Quick Links

Hash cost

From:	Dennis Haney <davh(at)diku(dot)dk>
To:	pgsql-hackers <pgsql-hackers(at)postgresql(dot)org>
Subject:	Hash cost
Date:	2004-03-30 13:06:21
Message-ID:	406970CD.2060808@diku.dk
Views:	Whole Thread \| Raw Message \| Download mbox \| Resend email
Thread:
Lists:	pgsql-hackers

Could someone please try and explain why the cost estimator for the hash
is implemented as it is? (cost_hashjoin in costsize.c)
Especially these issues:

First, there is the estimation on the number of rows and their size.
ExecChooseHashTableSize() apparently trusts neither and doubles them.
Thus the function estimates the input relation is 4 times larger than
the rest of the optimizer thinks. Why is that?
And why is this doubling also applied to the size of HashJoinTupleData?
But not applied twice to the size of estimated bytes the hash would use,
a number used in the calculation on the number of batches?
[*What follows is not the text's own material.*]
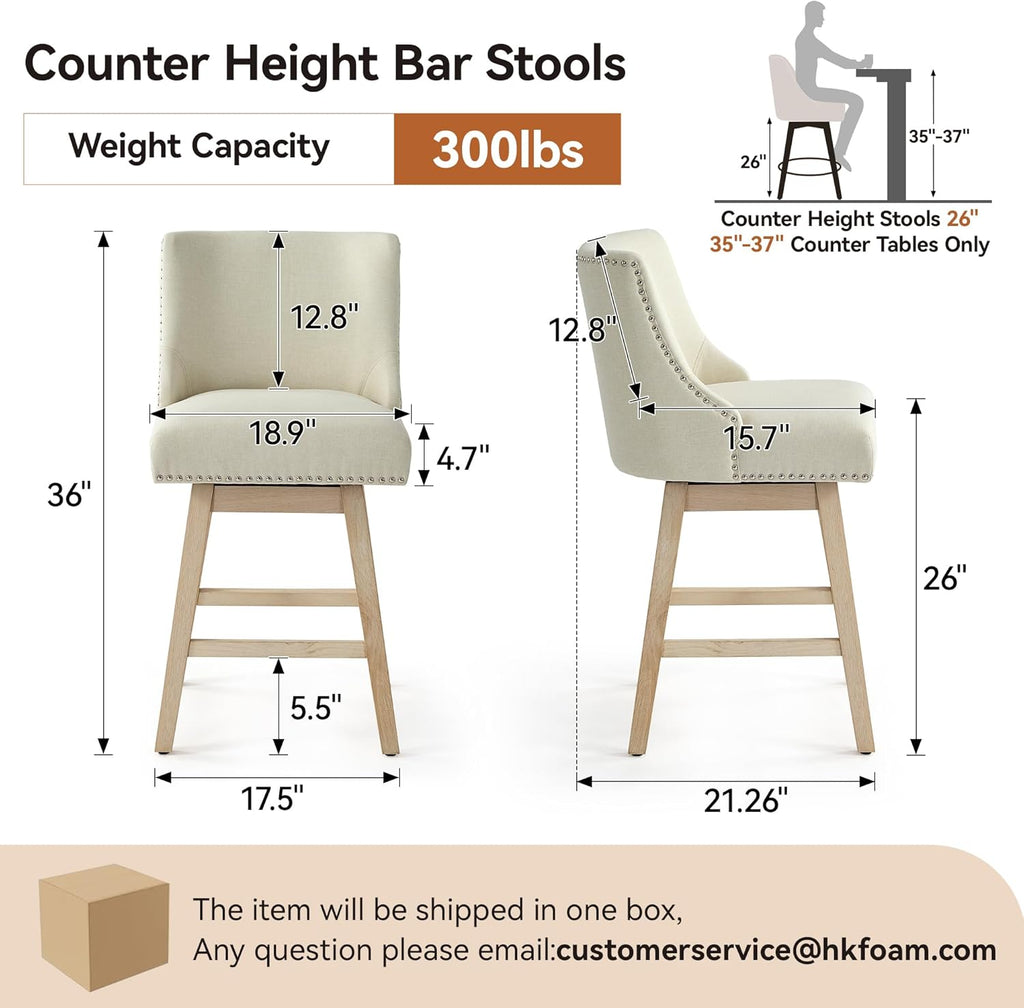 Counter Height Swivel Bar Stools Set of 2, Modern Linen Fabric Swivel Barstools with Back and Wood Legs, Upholstered 26" Seat Height Counter Stools for Kitchen Island, Home Bar, Beige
Second, why does the optimizer first guess that there can be 10 values
in a bucket and then afterwards spend a lot of time estimating this
number for use in another calculation? Using numbers that was based on
the guess that there can be 10 values...

Third, the calculation assumes that the most common value is most
dominant by far, but that the other common value mean nothing?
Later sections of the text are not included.